A new study led by researchers at Brigham and Women's Hospital (BWH) and Rush University Medical Center, reveals how early changes in brain DNA methylation are involved in Alzheimer's disease. DNA methylation is a biochemical alteration of the building blocks of DNA and is one of the markers that indicate whether the DNA is open and biologically active in a given region of the human genome.

The study is published online August 17, 2014 in Nature Neuroscience.

According to the researchers, this is the first large-scale study employing epigenome-wide association (EWAS) studies—which look at chromosomal make-up and changes—in relation to the brain and Alzheimer's disease.
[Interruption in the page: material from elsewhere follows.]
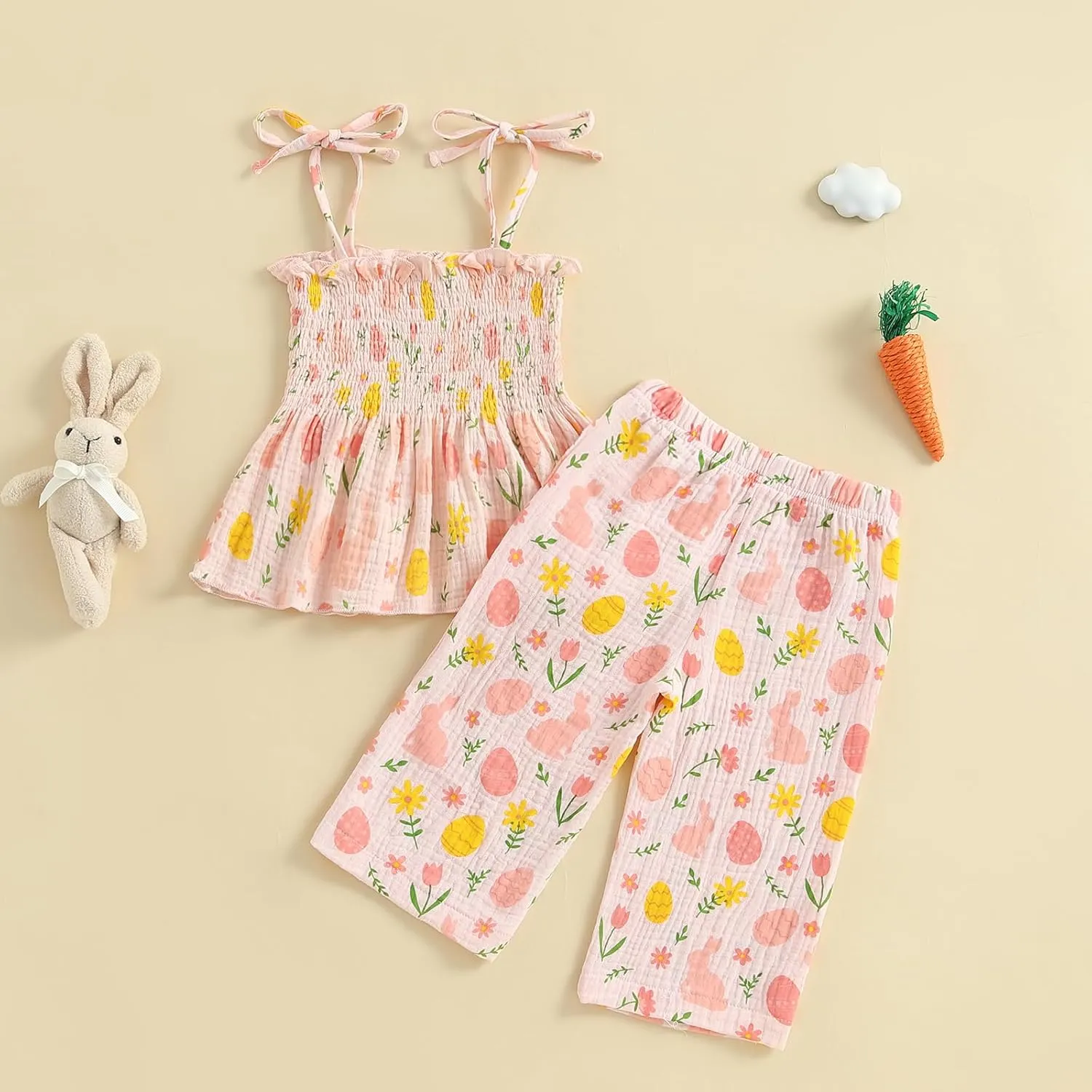 VISGOGO Easter Toddler Girl Outfit Sleeveless Smocked Strap Camisole Linen Pants Egg Easter Baby Girl Outfit Clothes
"Our study approach may help us to better understand the biological impact of and life experiences on Alzheimer's disease," said Philip L. De Jager, MD, PhD, Program in Translational Neuropsychiatric Genomics, BWH Departments of Neurology and Psychiatry, lead study author. "There are certain advantages to studying the epigenome, or the chemical changes that occur in DNA. The epigenome is malleable and may harbor traces of life events that influence disease susceptibility, such as smoking, depression and menopause, which may influence susceptibility to Alzheimer's and other diseases."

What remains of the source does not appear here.